Reform advocates can and should address these shortcomings. Jurisdictions planning to reform their marijuana laws – and states that have already done so – ought to craft robust expungement laws that reflect present-day norms. Previous marijuana offenders should not continue to bear a scarlet letter for engaging in what citizens have now decided is now socially acceptable conduct.

Creating a Commission on Justice Restoration

Even more can and should be done beyond legal changes. For example, a new criminal justice institution could be funded by the taxes, fees, and other revenues generated by marijuana reforms and assigned the mission of developing policies and practices to minimize the economic and social burdens that persist for those previously convicted of marijuana offenses.

Ex-offenders are often saddled with collateral sanctions at the local, state, and federal levels and have to deal with the widespread availability of their criminal records. These challenges justify the establishment of a permanent restorative institution in every jurisdiction, funded by fractions of the new resources generated by the legal marijuana industry and associated taxes.

A new Commission on Justice Restoration could be a public agency mandated to address the cumulative undue harms of prior convictions. The Commission could provide a much-needed clearinghouse and site for analyzing hard-to-collect data about the collateral consequences of convictions, and provide a centralized and impartial forum for statewide policymaking to redress these collateral consequences, to conduct and disseminating research on the fiscal and social costs of these collateral consequences, and to advocate for steps that can be taken to reduce long-term harms.

The Bottom Line

The war on drugs and prohibitions on marijuana have had profound harmful effects for many Americans, and especially for persons of color.

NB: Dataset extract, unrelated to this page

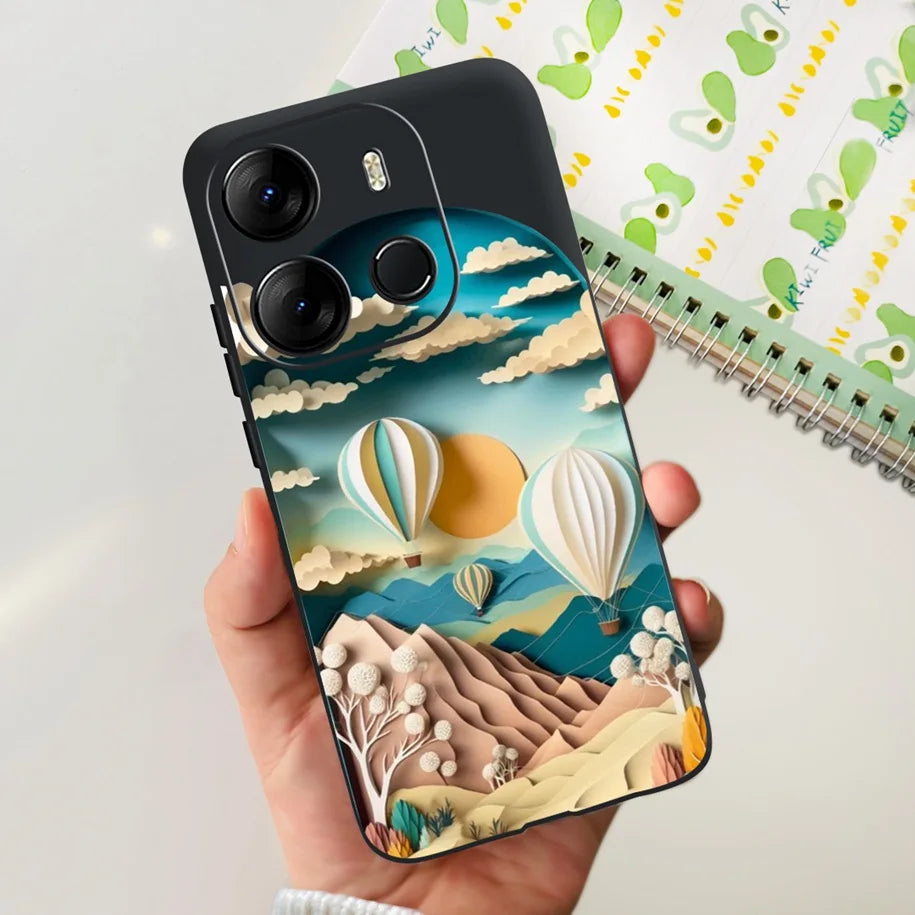 For Tecno Pop 7 Pro Pop7 Case Fashion Marble Soft Silicone Matte Coque For Tecno Spark Go 2023 Funda Pop7Pro BF6 BF7 BF7h Bumper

As more and more states change their marijuana laws, former offenders who have been impacted most acutely by past laws should be first in line to benefit from such reforms. Although reforms in marijuana laws can help redirect the longstanding war on drugs, reformers should push policymakers to go further than simply assuring that, in the future, nobody will be arrested or go to jail for using marijuana. Advocates should connect marijuana reform with efforts to correct harms from the past, by improving laws that allow expungement of past convictions and seizing opportunities to use new taxes on legal marijuana to create new government institutions tasked with ameliorating some of the collateral damage inflicted on millions of Americans, their families, and communities, by the excessive punishments of the past.